Another was is to use the generating function of the central binomial coefficients, that is $$\frac{1}{\sqrt{1-x}}=\sum_{n=0}^{\infty}\binom{2n}{n}\frac{1}{4^{n}}x^{n}.$$ We will make use of the fact that $x_{n}=\binom{2n}{n}\frac{1}{4^{n}}$ is a monotically decreasing sequence to make sure there are no oscillations.

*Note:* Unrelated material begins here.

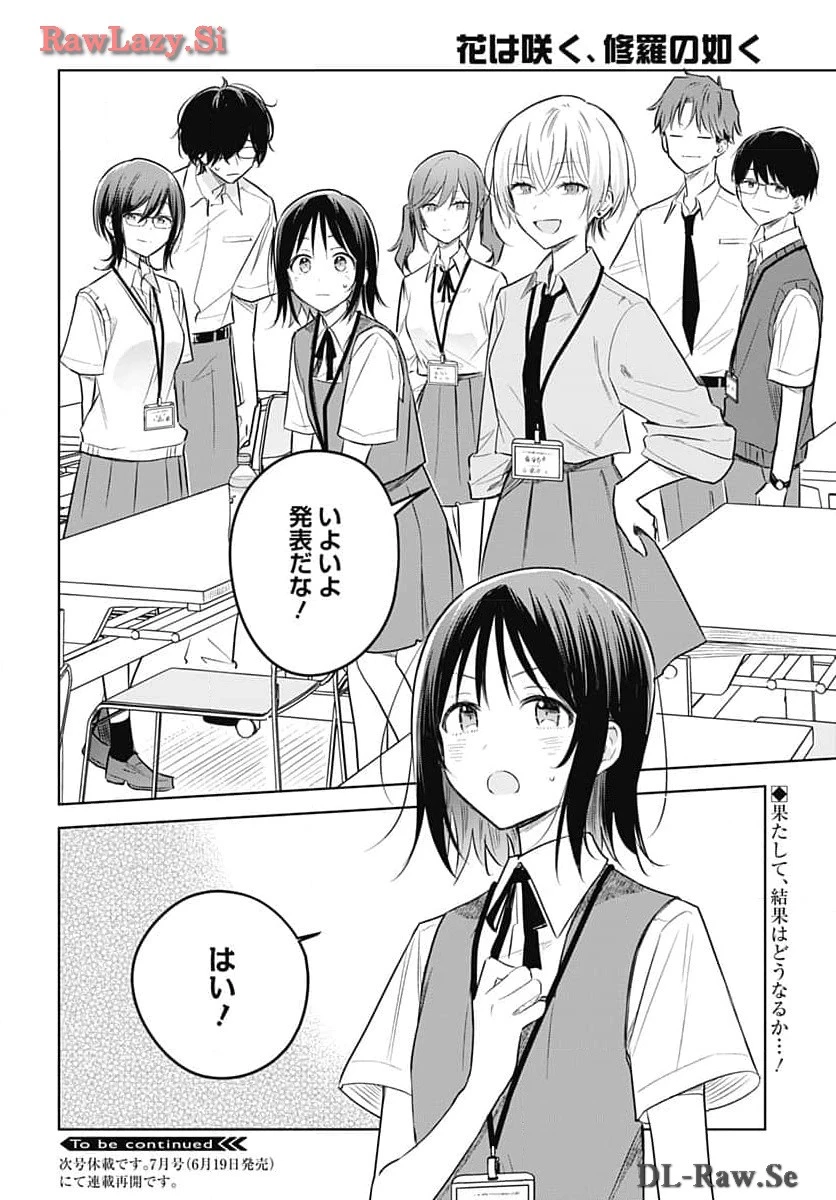 花は咲く、修羅の如く 第31話 - 40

It is monotonic since $$x_{n+1}=\binom{2n}{n}\frac{1}{4^{n}}\frac{(2n+2)(2n+1)}{4\left(n+1\right)^{2}}=x_{n}\left(1-\frac{1}{2n+2}\right).$$ Taking the indefinite integral of both sides of the generating function, we have that for $|x|<1,$ $$2-2\sqrt{1-x}=\sum_{n=0}^{\infty}\binom{2n}{n}\frac{1}{4^{n}}\frac{x^{n+1}}{n+1}.$$ Now, the left hand side converges as $x\rightarrow1$ from the left, and so, since the series has strictly positive coefficients, the right hand side must converge as well. This implies that $$\sum_{n=0}^{\infty}\binom{2n}{n}\frac{1}{4^{n}}\frac{1}{n+1}$$ is a convergent series, and since the coefficients $\binom{2n}{n}\frac{1}{4^{n}}$ are monotonically decreasing, the divergence of the harmonic series implies that we must have $$\binom{2n}{n}\frac{1}{4^{n}}\rightarrow0.$$
Added Details: Based on the comments, I thought I would give a precise proof of why the series must converge, without appealing to Littlewood's Tauberian theorem. The proof only requires that the coefficients of the power series, $a_n$, are nonnegative. Let $a_n\geq0$, $s_m=\sum_{n=0}^m a_n$ be the partial sums, and suppose that $\sum_{n=0}^{\infty}a_{n}x^{n}\leq C$ for all $x\in(0,1),$ for some positive constant $C$. Then for $x\in(0,1),$ $$s_{m}=\sum_{n=0}^{m}a_{n}\left(1-x^{n}\right)+\sum_{n=0}^{m}a_{n}x^{n}$$ $$\leq(1-x)\sum_{n=0}^{m}a_{n}\left(1+x+\cdots+x^{n-1}\right)+C$$
$$\leq(1-x)\sum_{n=0}^{m}na_{n}+C.$$ Taking $x$ sufficiently close to $1$, we can make $(1-x)\sum_{n=0}^{m}na_{n}\leq 1$, and so it follows that $s_{m}\leq C+1.$ This means that $s_m$ is monotonically increasing and bounded, its limit, $\sum_{n=0}^\infty a_n$ must converge. In particular, our series $$\sum_{n=0}^{\infty}\binom{2n}{n}\frac{1}{4^{n}(n+1)},$$ is convergent.